Taxi drivers, if you can understand them, are a good source of information and conversation – they’re language partners virtually held hostage until the destination is reached, and the fare paid.

She was a lady, and I asked if there were many female taxi drivers. -Tons in Kunming, she told me. And then she started on about how much more capable women were than men (purely in local terms), and in a comment of semi-domestic racism, none of which I had really heard in China before, said that the Dai minority women work very hard, because they had to, seeing as all Dai men are very, very lazy. Until then, I’d only heard general comments re: regional generalizations, like, “Sichuan women are very hot, because they eat a lot of spicy food.”

She mentioned Hai O, who I should go and see, as he was in Kunming at the moment and had come with a group. I wondered who this Hai O – who had come from Siberia – was and if I had ever heard of him and if I would supposedly have a good time seeing him because we both happened to be foreigners. He was leaving in 10 days so the timing was quite good, she said, and that was all very well but still, why bother?

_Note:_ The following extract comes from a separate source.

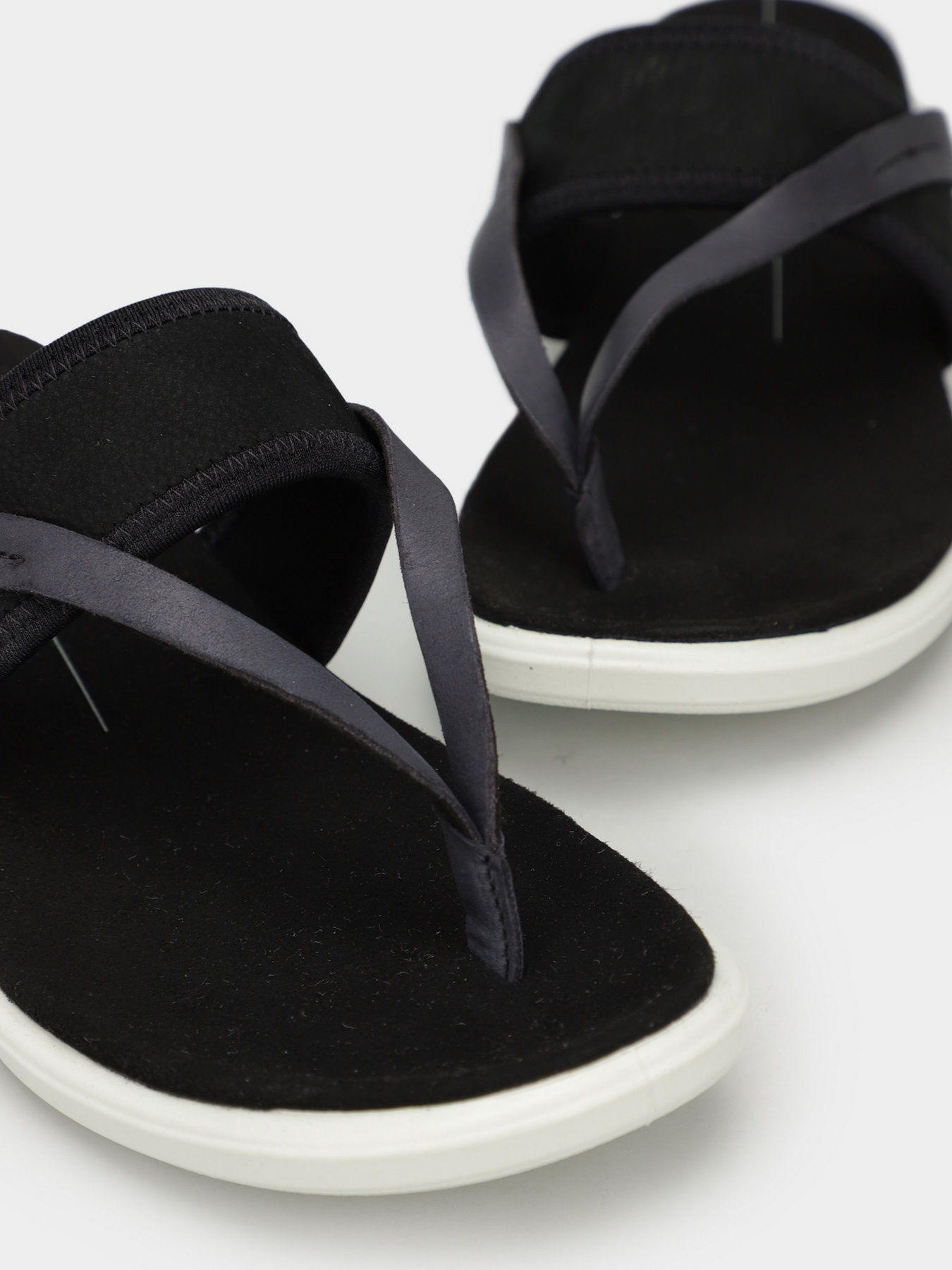 Вьетнамки ECCO SIMPIL SANDAL модель 20926351052 Фото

And I was getting a bit confused, until I realized that Hai O was not a person, but a group of seagulls visiting Kunming for the winter season.

Siberian Seagulls on Cui Hu

The Siberian seagulls had taken up residence in Kunming’s Cui Hu (翠湖, or Green Park Lake), one of the best parks I’ve been to to date, with a really vibrant, uplifting energy. Members of China’s plentiful elderly community (i.e., “old people”) were singing in casual join-in choirs and impromptu trios playing classical Chinese tunes, dancing choreographed numbers to taped recordings, and hundreds of civilians and soldiers had come out on a bright afternoon (my first so far) to feed the Siberians, throwing pieces of bread in the air and holding out whole baguettes for the more ambitious of the flock. And the cherry blossom (?) trees were in full bloom.

No better way to celebrate the fine weather than to go inside, (we opted to forgo the Kingdom of the Little People). Nick – forever a slave to the guidebook – had been wanting to try out a restaurant recommended in the Lonely Planet, and so we headed to Tang Chao Yi Pin, where we ended up ordering approximately 4 dishes too many, the result of a terrible inability to discern portion size from poorly proportioned photos.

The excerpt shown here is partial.